Israele, d’altra parte, è diventato tra i migliori amici dei fondamentalisti cristiani fanatici negli Stati Uniti e delle forze di estrema destra xenofobe in Francia, Belgio, Regno Unito e anche in Germania, ignorando il loro implicito o spesso esplicito antisemitismo.
Il Sionismo ha sempre visto l’antisemitismo in modo utile per il suo progetto coloniale. I principali leader storici sionisti, come Jabotinsky, hanno apertamente ammirato e collaborato con i fascisti italiani.
Perché boicottare proprio Israele – vi si chiede – e occuparsi della Palestina, quando ci sono anche altri paesi dove la violazione dei diritti umani è prassi quotidiana? 
Accusare gli oppressi perché resistono agli oppressori è ipocrita e intellettualmente disonesto. Peggio, non ha senso. Quando Rosa Parks e il movimento per i diritti civili hanno dato il via alla campagna di boicottaggio contro la compagnia Montgomery Bus per le sue politiche di discriminazione razziale, quell’attacco era ipocrita perché altre compagnie in Messico e in Sudafrica si stavano comportando addirittura peggio?

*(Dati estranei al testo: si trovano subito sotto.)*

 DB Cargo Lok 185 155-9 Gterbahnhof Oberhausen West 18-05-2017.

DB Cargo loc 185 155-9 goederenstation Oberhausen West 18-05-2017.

Come ha detto Desmond Tutu, l’apartheid sudafricano non era la più grande forma di violazione dei diritti umani se comparato con le pratiche di genocidio su ampia scala messe in atto in altre parti del mondo. Cosa avrebbero dovuto fare i sudafricani? Combattere contro le altre forme di oppressione prima di combattere contro l’apartheid?

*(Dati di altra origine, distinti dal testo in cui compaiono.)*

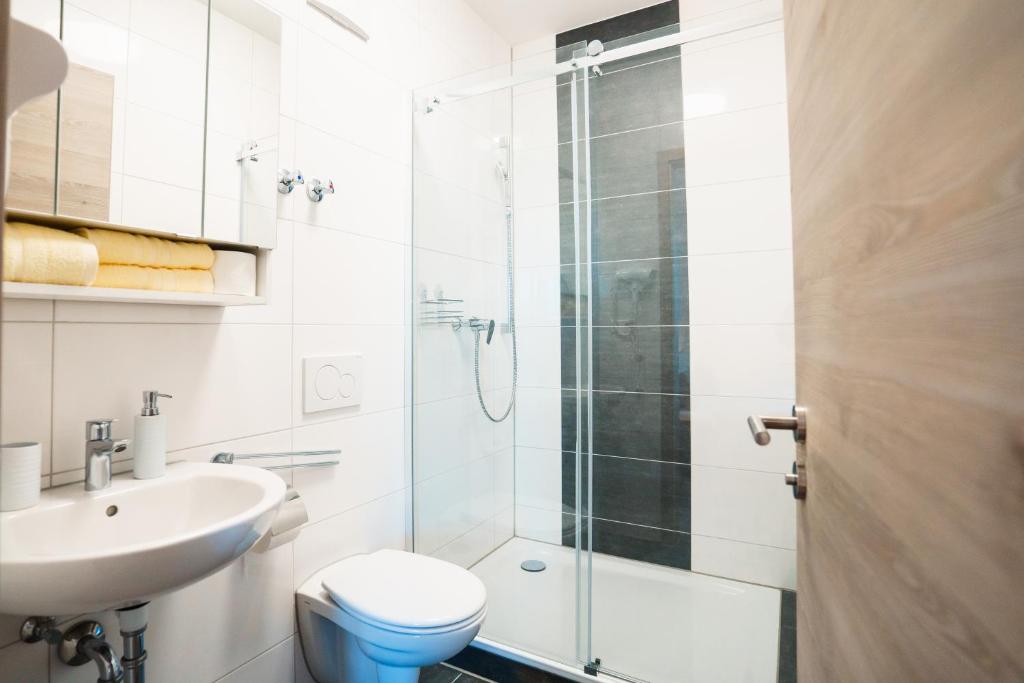 Koupelna v ubytování Hotel am Schafbaum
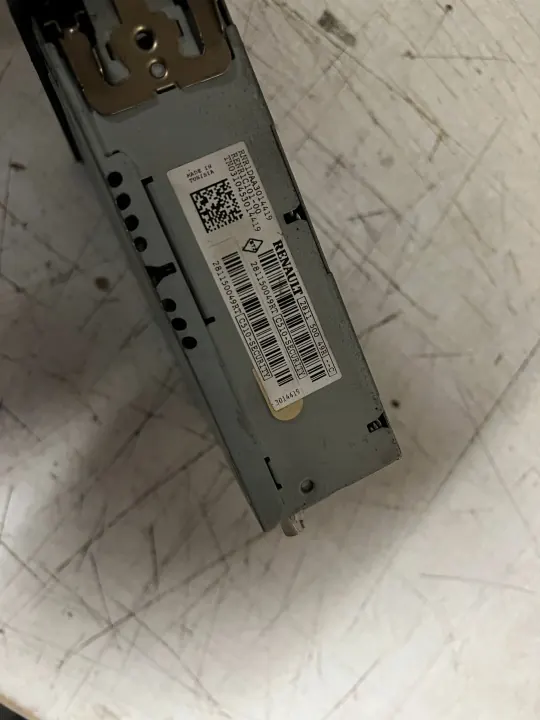 Radio OEM 281150049r para Renault Master 2.3 Movano B image 3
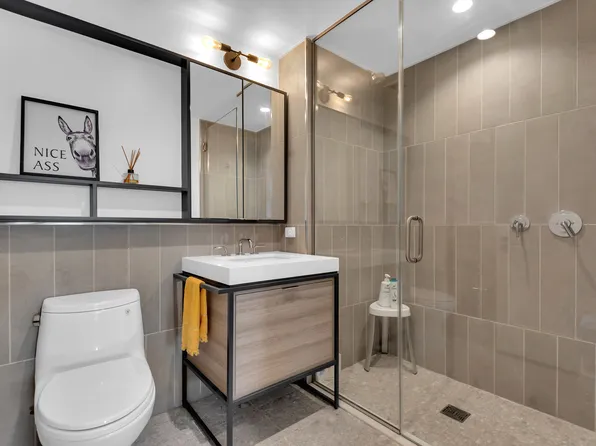 575 4th Avenue image 9 of 20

Se l’accusa è diretta a chi è solidale con la lotta palestinese, allora è del tutto fuori luogo. Quasi tutti i sostenitori internazionali del BDS contro Israele sono attivi anche in altre lotte per la giustizia, per i diritti umani e per i diritti civili. Inoltre, essi stanno semplicemente rispondendo a un invito proveniente dalla maggioranza assoluta della società civile palestinese. Infine, coloro che in Occidente si uniscono al BDS lo fanno mossi da un profondo obbligo morale per compensare i danni che i soldi delle loro tasse stanno facendo alle vite palestinesi. Dato che i loro governi quasi-democraticamente eletti sono profondamente coinvolti nel mantenimento del regime israeliano di occupazione, colonialismo e apartheid, questo genera la responsabilità etica di porre fine a questa complicità.
I governi occidentali non sostengono i regimi della Corea del Nord o il regime sudanese nelle loro violazioni dei diritti umani. Ma hanno invece stretto con Israele un rapporto molto speciale, privilegiato e ipocrita che mantiene il suo sistema oppressivo e lo protegge dalle responsabilità internazionali. I cittadini devono assumersi la responsabilità di porre fine a questa complicità.

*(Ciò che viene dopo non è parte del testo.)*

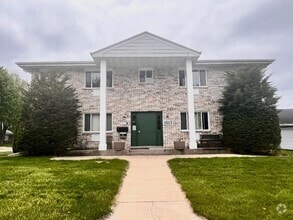 Building Photo - 1513 E Harding Dr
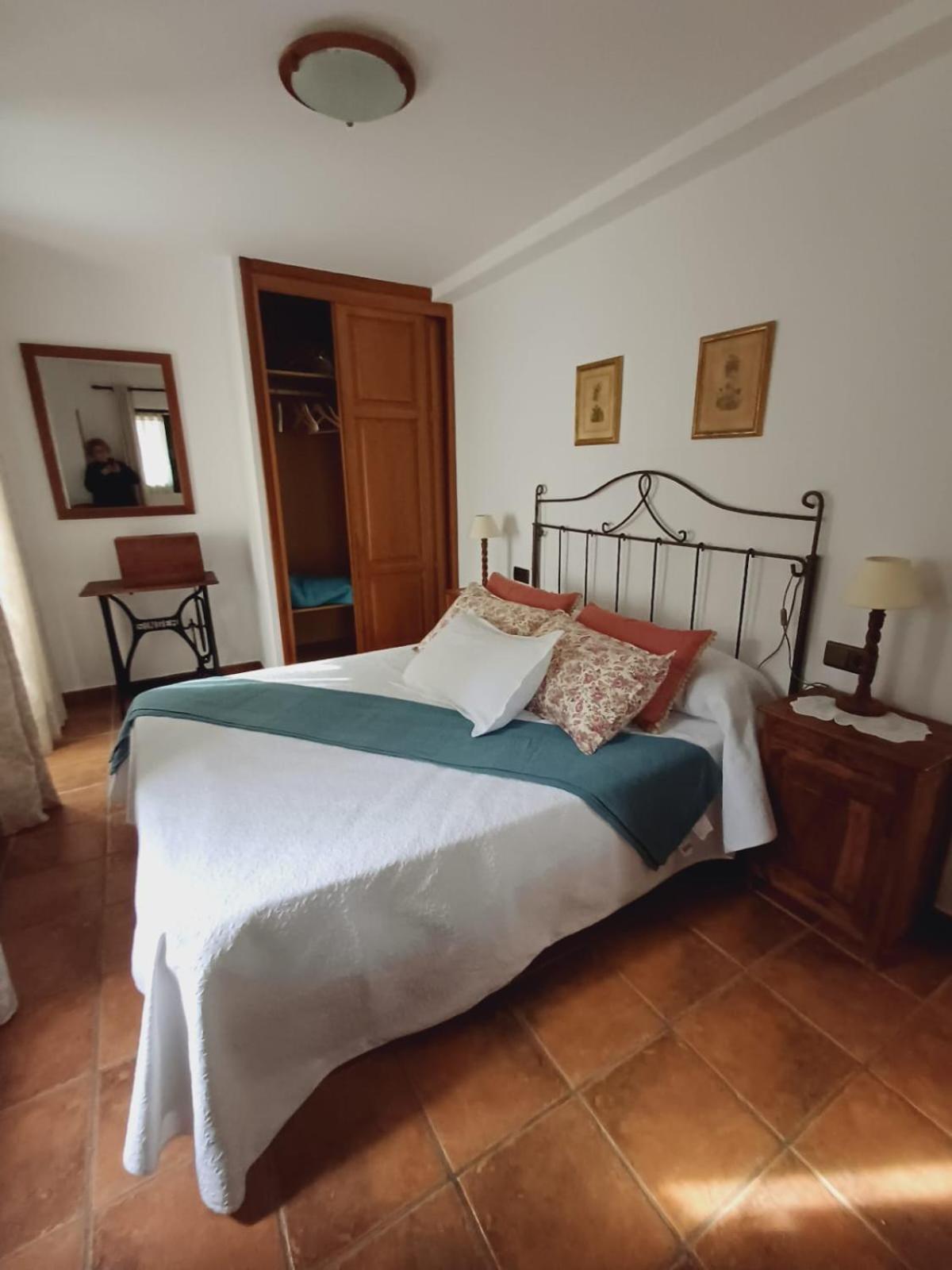 El Portal Del Abuelo Apartamento Arenas De Cabrales Exterior foto
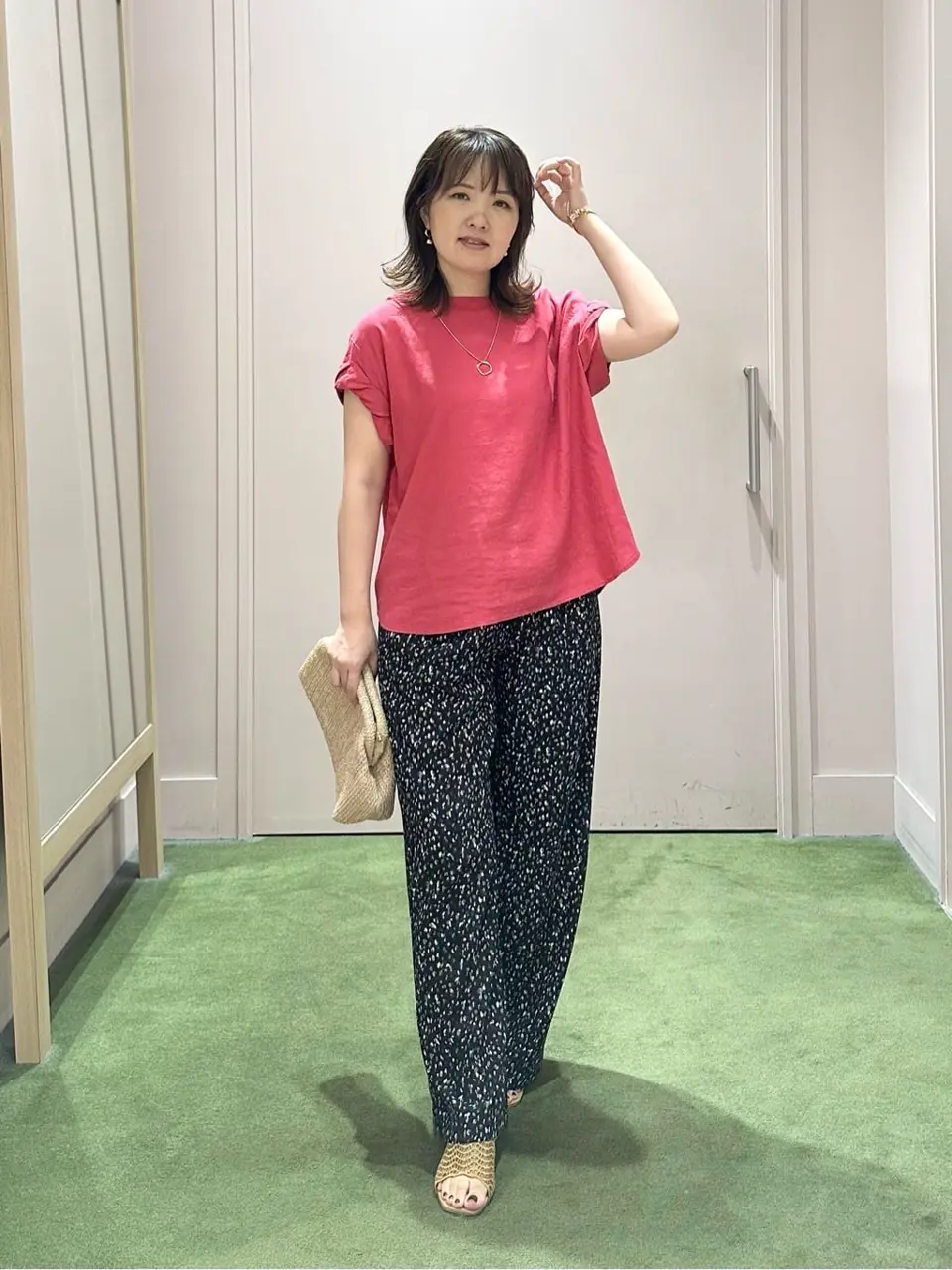 ANY フジコ コーディネート画像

Che idea si è fatto di questo gap di adesioni tra gli accademici Usa, storico alleato di Israele, e il basso/timido numero europeo?
Non sono sicuro che la premessa contenuta nella sua domanda sia precisa. Il supporto per il BDS può essere “timido” in Italia, in Germania e in Europa orientale, ma è indubbiamente consistente nel Regno Unito, in Spagna, Norvegia, Svezia, Irlanda, nei Paesi Bassi e in molti altri stati.
Il sondaggio della Globescan per la BBC sull’opinione internazionale nel corso degli ultimi anni ha costantemente mostrato che maggioranze di due terzi in tutta Europa vedono Israele “prevalentemente in modo negativo.”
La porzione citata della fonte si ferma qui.